“In practice the government obtains its technical skill by attracting men from other employers, and its capital in a mobile form by attracting it from other possessors. It gets loans on the money market, which is thereby rendered more stringent; the rate of interest rises and the loans made to other borrowers are diminished,”
But the particular interest of the Report at the present day is the fact that it contains the germs of many ideas which more than twenty years later formed the leading features of the Minority Report of the Poor Law Commission.
At that time it was universally believed that the slum dwellers of London were mainly recruited by rural immigrants, and this error—disproved several years later by the painstaking statistical investigations of Mr. (now Sir) H. Llewelyn Smith—vitiates much of the reasoning of the Report.
After analysing the causes of unemployment on lines now familiar to all, and denouncing private charity with vehemence worthy of the Charity Organisation Society, it recommends the revival of social life in our villages in order to keep the country people from crowding into the slums. The Dock Companies are urged to organise their casual labour into permanently employed brigades: and it is suggested, as in the “Minority Report,” that “the most really ‘remunerative’ form of ‘relief’ works for the unemployed would often be a course of instruction in some new trade or handicraft” Technical education is strongly recommended; Labour Bureaux are advocated; State cultivation of tobacco is suggested as a means of employing labour on the land (private cultivation of tobacco was until recently prohibited by law), as well as municipal drink supply, State railways, and “universal military (home) service” as a means of promoting “the growth of social consciousness,”
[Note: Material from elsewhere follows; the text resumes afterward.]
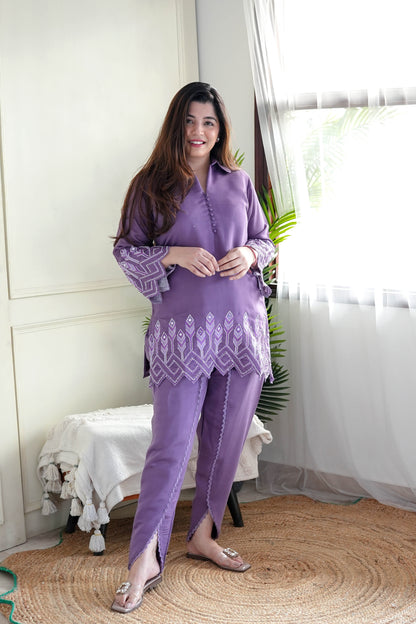 Safah Purple Embroidered Dhoti Set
The Report is unequal. An eloquent but irrelevant passage on the social effects of bringing the railway contractor’s navvies to a rural village was possibly contributed by Hubert Bland, whilst the conclusion, a magniloquent eulogy of the moral value of Government service, written, according to Webb’s recollection, by Frank Podmore, is evidently the work of a civil servant who has not got over the untamed enthusiasms of youth!
The Report shows immature judgment, but also in parts remarkable foresight, and a complete realisation of the right scientific method. With State tobacco farms and the public organisation of a corps of peripatetic State navvies, the childhood stage of the Fabian Society may be said to conclude.